"Trouver le juste milieu"

Arrivé cet été en provenance de Montpellier, le portier Benjamin Lecomte n'a pas mis longtemps à s'installer dans le but monégasque. Lucide, franc, le Parisien de naissance raconte son poste avec passion.

Il fait plutôt frais à La Turbie. Surtout lorsque le ciel est couvert et que l'air est humide. Mais, dans un des studios du club, l'ambiance se réchauffe assez vite en discutant avec Benjamin Lecomte. 

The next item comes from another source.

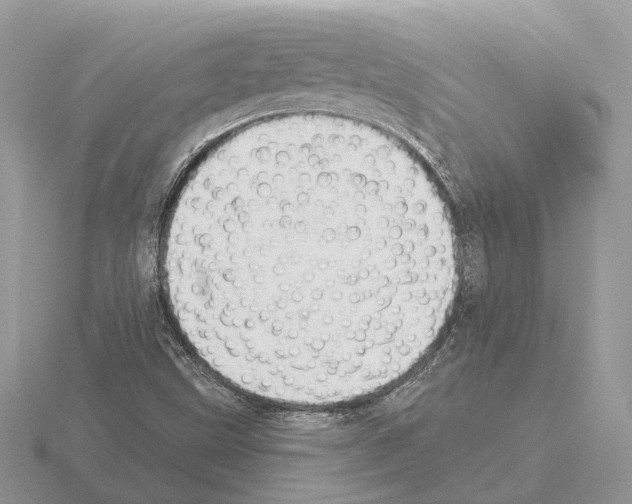 X0000115361499200912151346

Pourquoi devenir gardien ?

Je le dois beaucoup à mon papa. J'adorais aller dans les buts pour déconner. Il y a eu un concours de circonstance aux tests de Clairefontaine. Un gardien s'est blessé et mon père avait coché la case goal comme second poste sur la fiche de renseignement. J'ai fait les détections comme joueur et comme gardien, mais ça n'a pas marché. J'ai voulu rester sur le terrain et, au bout d'un moment, mon père m'a dit, "va dans les buts". Et au final, merci papa, t'as eu du flair (rires). 

Quel style de gardien êtes-vous ?

Je pense que je suis dans la mouvance de ce qui se fait aujourd'hui. Un gardien moderne. J'ai du mal à rester dans les buts. On les protège, bien-sûr, mais en étant parfois loin de ses buts parce qu'on peut réellement devenir un joueur supplémentaire. Dans le jeu, la gestion de la profondeur, pour apporter des solutions à nos partenaires, parce que ça nous permet aussi d'avoir plus d'options dans la sortie de balle par exemple. Mais cela demande également une prise de risque. Il faut aimer jouer avec ça, connaître les limites. Moi, j'aime beaucoup jouer au pied.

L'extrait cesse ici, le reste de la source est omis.